With the SuiteSparse 7.2 release, it seems that some compile time tests are being carried out, which were not an issue earlier. If possible, it would be great to avoid try_run() in Cmake so that SuiteSparse can be cross-compiled easily. In Julia's BinaryBuilder, we cross compile binaries for a large number of architectures on linux.

https://github.com/JuliaPackaging/Yggdrasil/pull/7479

2023-10-03 21:06:13 UTC | [21:06:14] CMake Error: try_run() invoked in cross-compiling mode, please set the following cache variables appropriately:
-- | --
  | 2023-10-03 21:06:14 UTC | [21:06:14]    HAVE_KEYWORD__THREAD_EXITCODE (advanced)
  | 2023-10-03 21:06:14 UTC | [21:06:14]    HAVE_KEYWORD__THREAD_EXITCODE__TRYRUN_OUTPUT (advanced)
  | 2023-10-03 21:06:14 UTC | [21:06:14] For details see /workspace/srcdir/SuiteSparse/CHOLMOD/build/TryRunResults.cmake
imciner2 commented 1 year ago

Caused by the tests for the thread attributes here: https://github.com/DrTimothyAldenDavis/SuiteSparse/blob/75cb8b4be44227880388454dba022bc7442de61e/SuiteSparse_config/cmake_modules/SuiteSparse__thread.cmake#L46 The CMake command check_c_source_runs will both compile and run the code, so that is what is failing here.

There is an alternate check_c_source_compiles() (https://cmake.org/cmake/help/latest/module/CheckCSourceCompiles.html) CMake macro that will just check to see if the code can compile, and not run it (so that only tests the compiler), and based on the short snippets being used in the test, I think it would be safe to do the compile-only test instead of the full run test.

DrTimothyAldenDavis commented 1 year ago

I have several of the check_c_source_runs: three in the SuiteSparse__thread.cmake file, and another here:

https://github.com/DrTimothyAldenDavis/SuiteSparse/blob/75cb8b4be44227880388454dba022bc7442de61e/GraphBLAS/cmake_modules/SuiteSparse_getenv.cmake#L26

That one for getenv does require "runs" not "compiles" since I must test not only the existence of getenv, but that it also recognizes the "HOME" string.
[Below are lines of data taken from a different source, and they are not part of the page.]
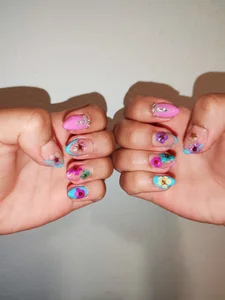 rosebelle11111 Public Hình 5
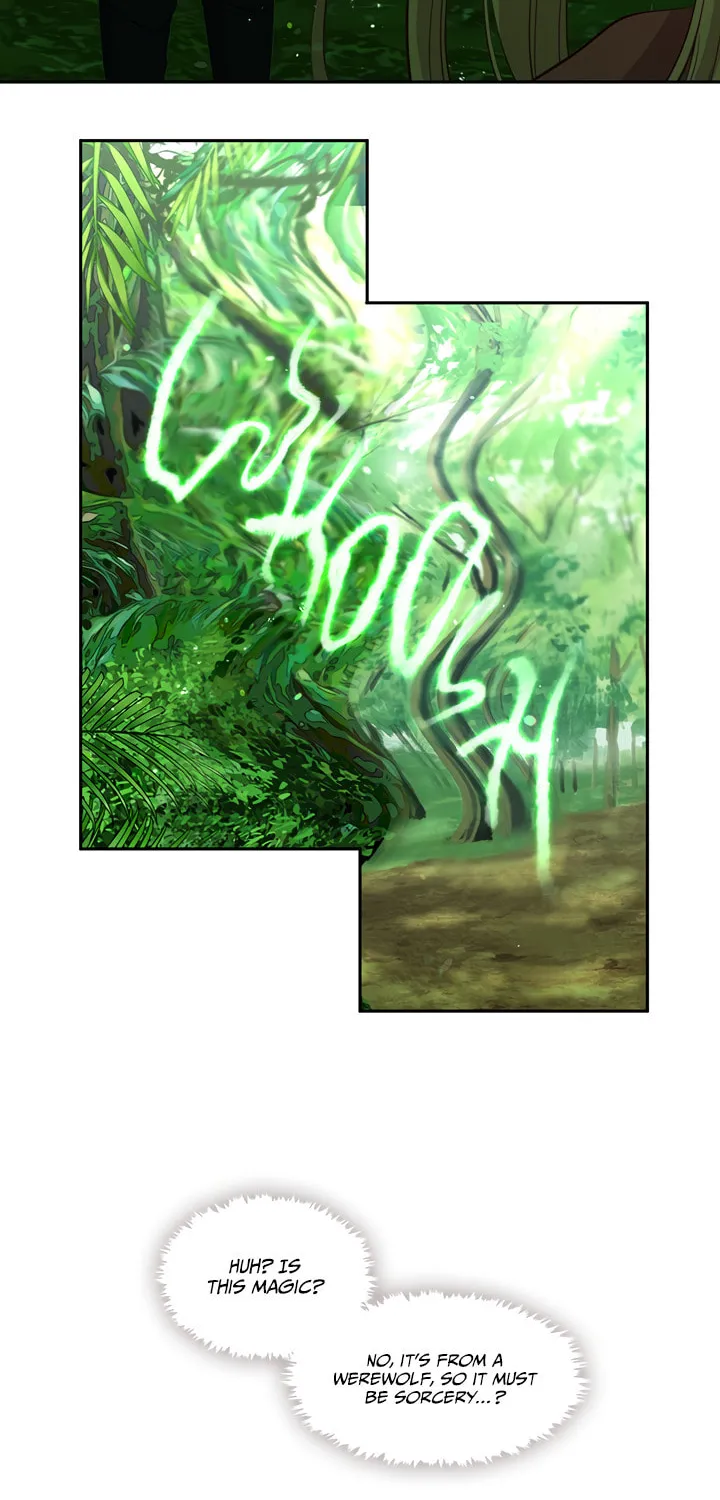 Read Beware the Villainess! chapter 49 image 13 on Lezhin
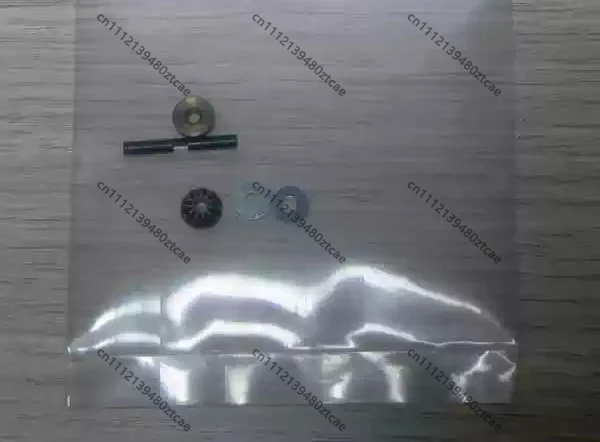 Differential Planet Gear 11T RC Hobby Model Vehicle Transmission Replacement Spare Parts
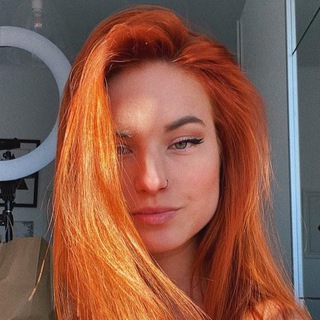 Логотип @nadia_proks - NadiaProks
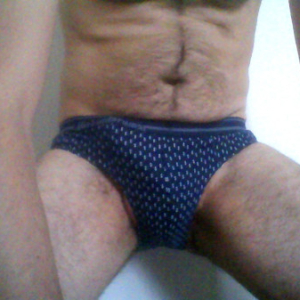 {member_username}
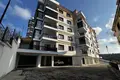 Duplex 4 bedrooms 240 m² Karsiyaka, Turkey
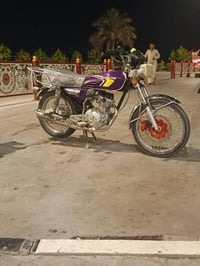 فقط رقم • ماكو وصف • مجهول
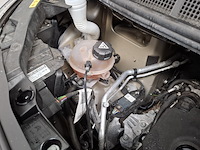 Schade auto, citroën, jumpy - afbeelding 46 van  56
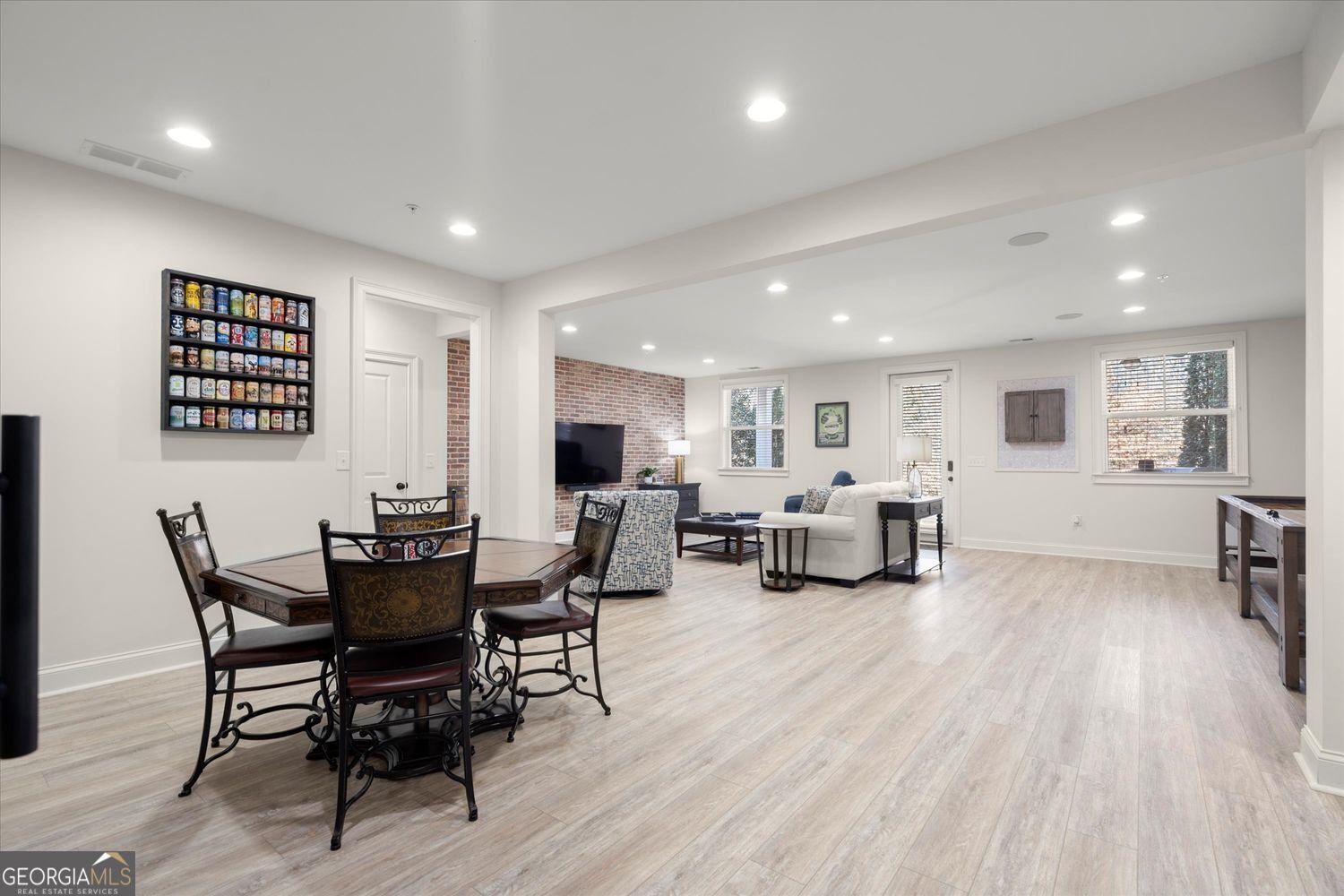 340 Banbury Crossing Alpharetta - Photo 49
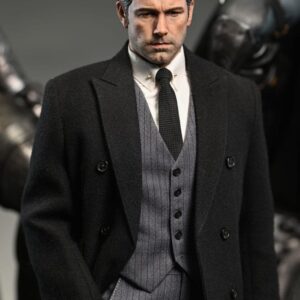 x qs justiceleaguebrucewayne i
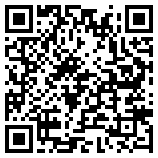 QR Code for Royal Touch Massage Therapy in Hayward, CA 94541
I cannot just test that the code compiles. This may be a problem for cross-compilation, however.

I'd like to keep the check_c_source_runs in both files. Is there a way in cmake to determine if cross-compilation is in use?

Is there a way to check if getenv("HOME") will both compile and run on a cross-compilation scenario? Perhaps I could add a cmake option that skips these tests entirely and just asserts their results. Then you could use that to avoid any check_c_source_* entirely.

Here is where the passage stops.